Medical malpractice lawsuits involve “negligence,” “standard of care,” “causation,” and “damages.” To succeed in a medical malpractice suit, the plaintiff must prove that the defendant was negligent and that that negligence caused injury. To prove negligence, the plaintiff must prove that the physician violated the standard of care. The challenge in this complicated specialty of law is that there is no “standard.”

“Standard of care” is a legal term, not a medical one. It is not established by the medical profession nor is it set forth in the law. It is, literally, a matter of opinion. Both the plaintiff and the defendant will elicit the testimony of experts to establish “what a reasonably prudent doctor would do in similar circumstances.” At trial, the jury is faced with choosing which “standard” to apply.

Choosing a Medical Expert

Identifying the best medical expert to establish standard of care is one of the most critical decisions we will make in your case. In this highly-specialized area of law, the experience of your attorney and the credibility of your expert really matters. Often it makes all the difference in the outcome of your case.

Over the past 40 years of trial practice, we have worked with a host of preeminent physicians who yield extensive experience and professional respect in their specialty. We seek physician scholars working at teaching hospitals and in research who are able not only to explain the medicine but who can help the jury appreciate what is sometimes a fine line in standard of care.
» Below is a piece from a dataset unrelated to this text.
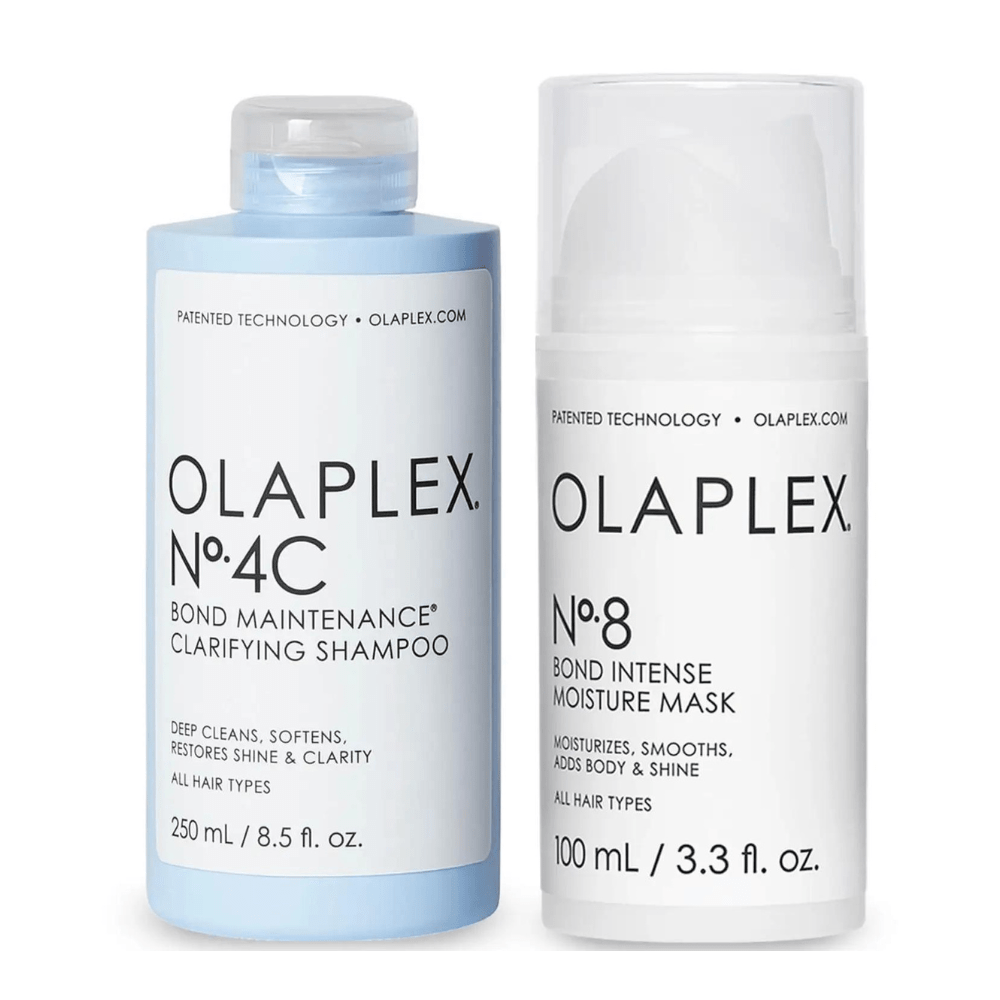 Clarifying Shampoo Bundle - NO. 04C & 08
The expert’s ability to effectively communicate complicated aspects of your case is paramount, which is why we often choose experts who are also professors at some of the finest institutions in the country.
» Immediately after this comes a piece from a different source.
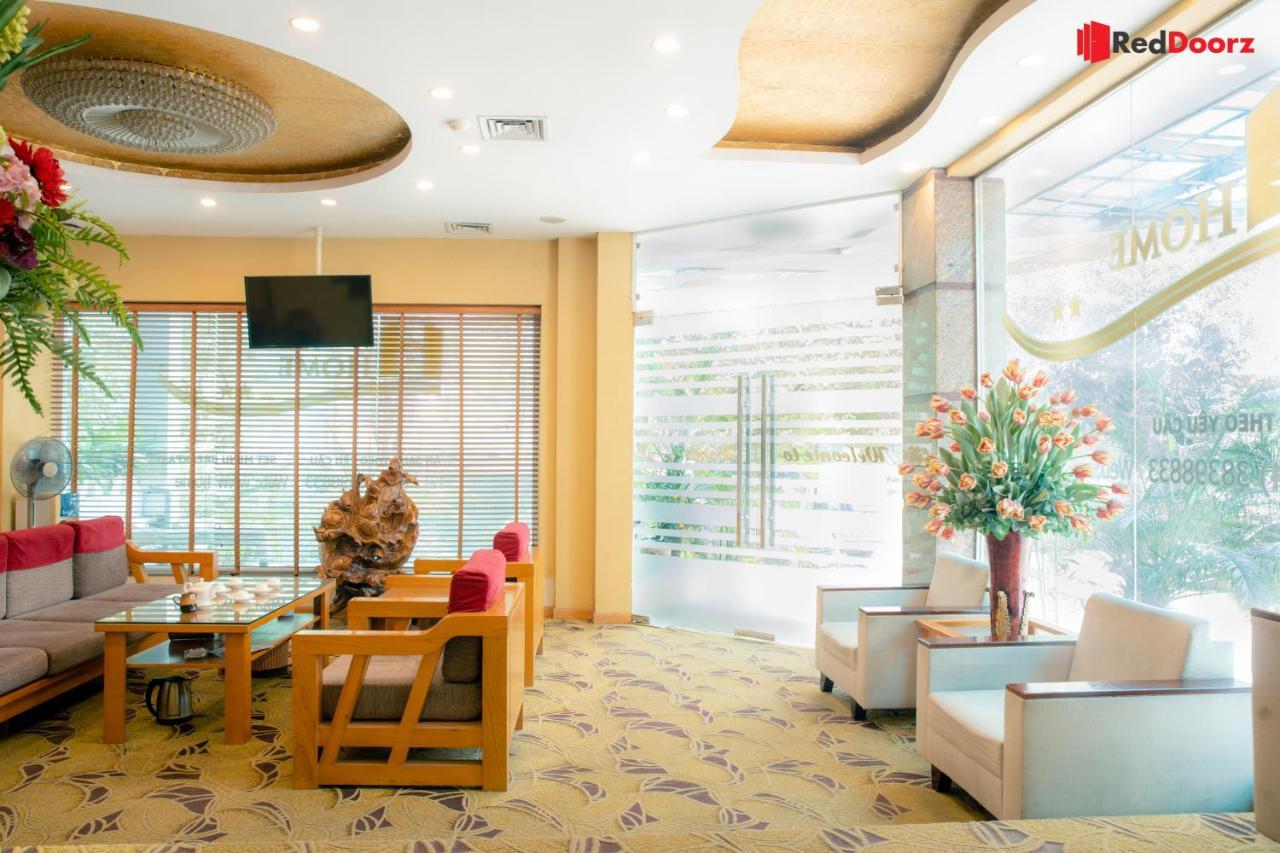 Home Hotel Truong Cong Giai Hanoi Kültér fotó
Virginia’s Standard of Care Statute

By statute in the Commonwealth of Virginia, “the standard of care… shall be that degree of skill and diligence practiced by a reasonably prudent practitioner in the field of practice or specialty in this Commonwealth and the testimony of an expert witness, otherwise qualified, as to such standard of care, shall be admitted…” The statute further states that “any health care provider who is licensed to practice in Virginia shall be presumed to know the statewide standard of care in the specialty or field of practice in which he is qualified and certified.”

View our medical malpractice case results for more detail on “standard of care.”


Contributory Negligence

The law in the Commonwealth of Virginia is sometimes antiquated. There is perhaps no better example than contributory negligence.

Contributory negligence is the doctrine that “any negligence of a plaintiff which is a proximate cause of the accident will bar recovery.” Litchford v. Hancock, 232 Va. 496, 499 (1987). What does this mean? If you are injured and your own negligence caused the accident or contributed to the cause of the accident, you cannot recover anything. Put another way: even if you or your actions contributed just 1percent of the cause of the accident, you get nothing. Under this outdated law in Virginia, if you are determined to be contributorily negligent then you are not entitled to collect any damages from the party who allegedly caused your accident and injury.

Contributory negligence has been abandoned by most states. Only five jurisdictions recognize this Pure Contributory Negligence Rule: Virginia, Maryland, the District of Columbia, North Carolina, and Alabama. The rest of the states have some form of what is called comparative negligence, where a plaintiff’s recovery is reduced proportionate to his or her fault. Comparative negligence is more forgiving to plaintiffs.